Describe este pasaje del Evangelio cómo Jesús se reconoce el Mesías ante el auditorio que tenía aquel día en la sinagoga de Nazaret, la tierra en la que se había criado.

Quienes le escuchan lo conocen de siempre: saben quiénes son sus padres, a qué familia pertenece, cuál es su casa y cuál ha sido siempre su medio de vida. Y no son capaces de encajar que un vecino suyo de siempre, que había llevado una vida tan sencilla, tan poco destacable en ningún sentido y tan poco instruido, se presente como el Mesías que había de venir.

Con las palabras que les dirigía en la sinagoga les estaba detallando cuál era su misión aquí en la tierra y cuál era la clave de la doctrina que nos traía: la caridad. Porque es desde el amor desde donde nos invita a vivir a cada uno de nosotros, tengamos la circunstancia que tengamos: unos como padres de familia, otros como hijos, otros como religiosos, otros como estudiantes, otros como maestros, otros como… lo mismo da.

Algunos entre nosotros estarán llamados a llevar una vida digna de admiración en algún sentido: bien porque dediquen su vida oficialmente a los demás a través del sacerdocio, bien porque terminen siendo personas destacadas en su profesión, bien porque…. la mayoría, sin embargo, a lo que estaremos llamados es a vivir una vida sencilla desde el amor: estamos llamados a vivir la vida ordinaria con un corazón extraordinario.

Esa es la vida que vivió Jesús durante sus primeros 30 años, en la que realmente no había nada relevante que contar… salvo que la vivió desde un profundo amor a Dios, un profundo amor a sus padres y un profundo amor a los que le rodearon.

Quienes le escuchaban en este momento y le juzgaban no tuvieron la capacidad de ver la sobrenaturalidad con la que Jesús vivió una vida aparentemente tan sencilla como la que llevaban ellos; sobrenaturalidad que siempre le acompañó: durante sus tres años de vida pública y durante los 30 años anteriores, en los que vivió en casa.

Sobrenaturalidad desde la  que también nos invitó a vivir a nosotros y a la que recientemente nos ha llamado también a todos – sí, a todos – el papa Francisco en su exhortación apostólica Gaudete et Exultate, desde la que nos pide que seamos esos «santos de la puerta de al lado«.

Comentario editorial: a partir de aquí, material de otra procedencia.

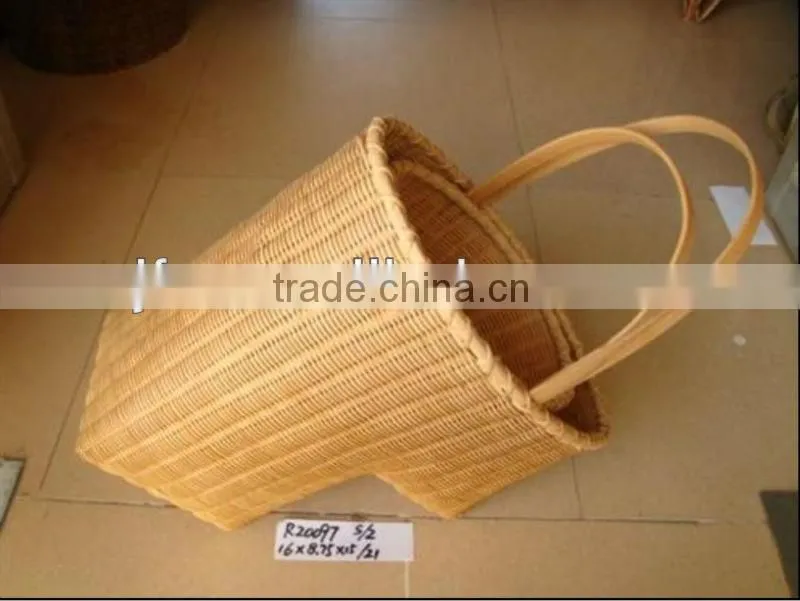 Handmade weaving hot sale Honey colour wood chip basket
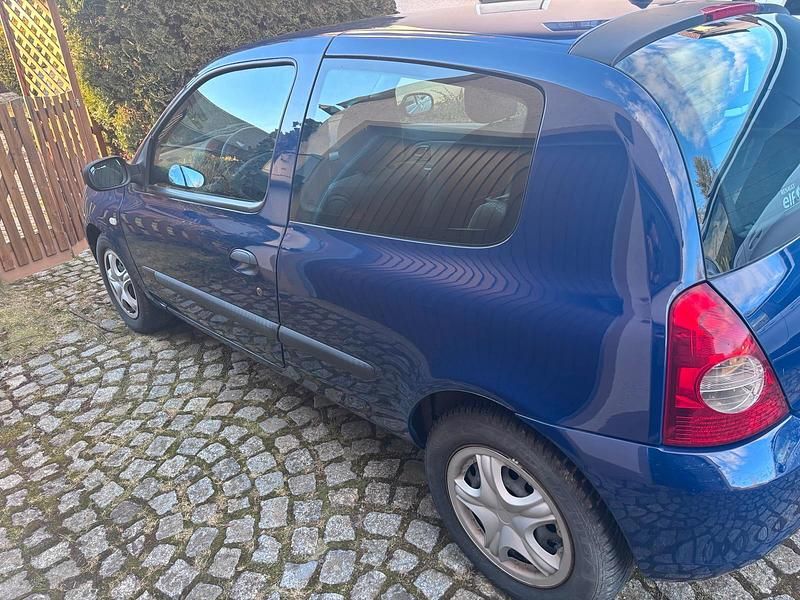 Gebraucht Renault Clio II 60 PS (44 kW) 2007 Blau Limousine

El comportamiento del auditorio de Jesús en aquel momento reflejaba también una tendencia que siempre ha sido bastante común entre las personas: pensar mal del otro. ¿Cómo es posible que quienes allí estaban no le concedieran siquiera el beneficio de la duda, escuchando el conocimiento y la autoridad con los que enseñaba y sabiendo – como sabían – de los milagros que había realizado? Lo peor es que no se lo concedieron amparándose bajo el débil argumento de que Jesús era tan solo era el hijo de José. ¡Qué estrechez de miras! Verdaderamente no hay más ciego que el que no quiere ver y éstos, claramente, no querían.

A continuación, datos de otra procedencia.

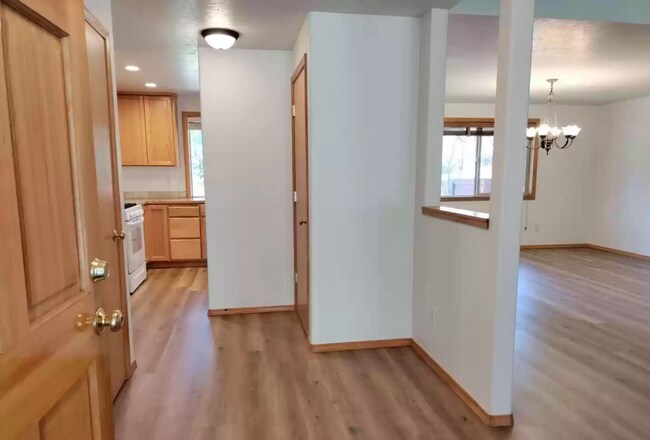 Foto del edificio - Spacious, updated home with A/C in SW Bend!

De la misma manera muchos de nosotros, 21 siglos después, nos hemos convertido hoy en inquisidores de lo que hacen los demás; de quienes tenemos más o menos cerca y, por supuesto, de quienes son figuras públicas. Opinamos y descalificamos sin ningún respeto e incluso sin tener muchas veces suficiente información como para hacer valoraciones, contribuyendo con ello no sólo a su desprestigio, sino también a calentar el ambiente para que otros, siguiendo nuestros pasos, se sumen a las críticas.

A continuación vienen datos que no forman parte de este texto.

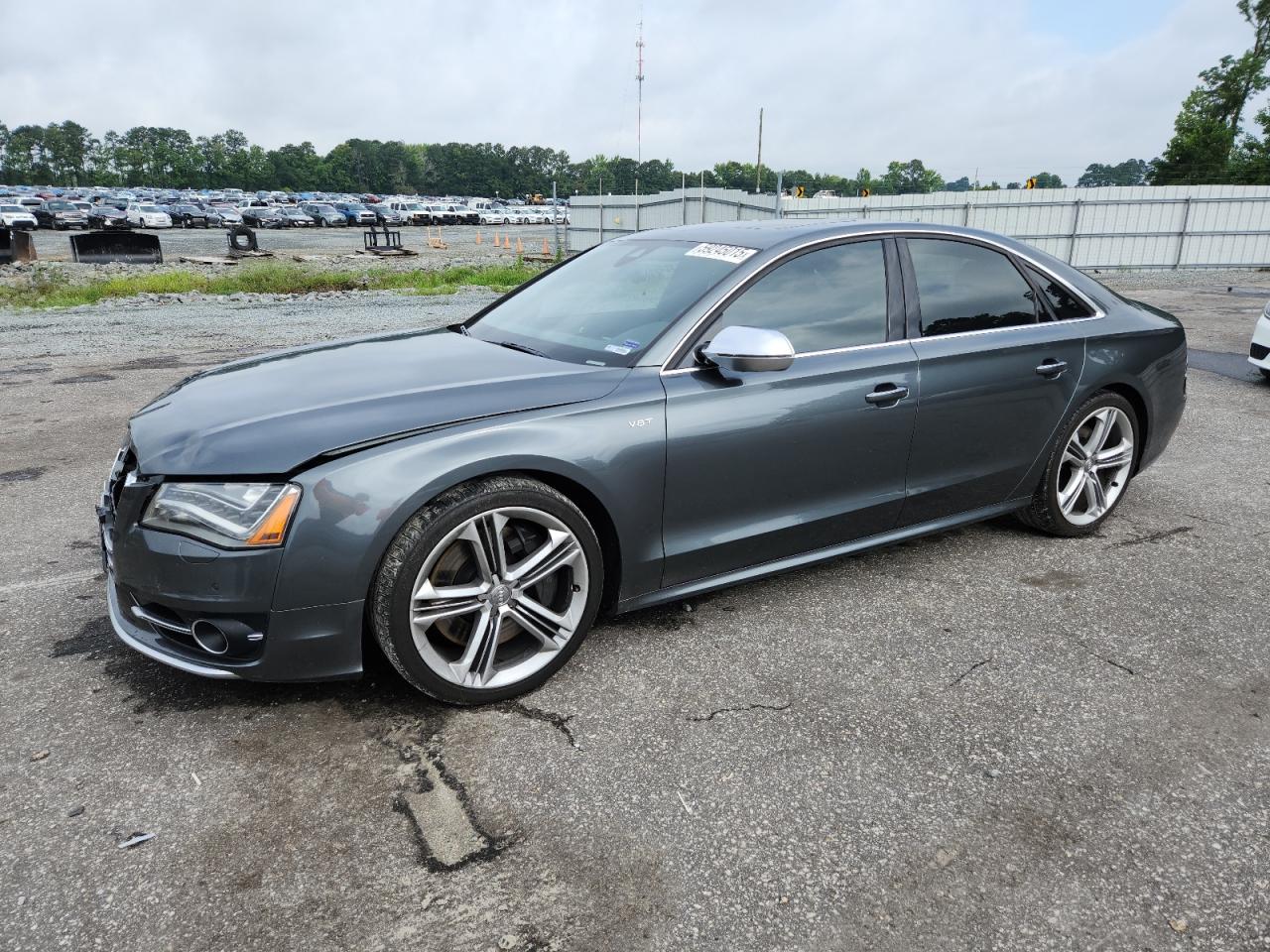2013 Audi S8, VIN WAUD2AFD4DN033570 — Front end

Nuestras palabras, nuestro comportamiento y nuestra actitud no reflejan más que lo que llevamos en el corazón. Así que cuando nos encontremos a nosotros mismos cayendo en esa crítica fácil o cuando nos encontremos a nosotros mismos contribuyendo a desprestigiar a otros porque sí, deberíamos mirar en nuestro interior para analizar qué es lo que hay detrás de ese comportamiento nuestro. Y tratar de mantener en adelante una actitud de apertura, una actitud de escucha y una actitud desde la que valorar siempre a quienes nos rodean desde un profundo respeto.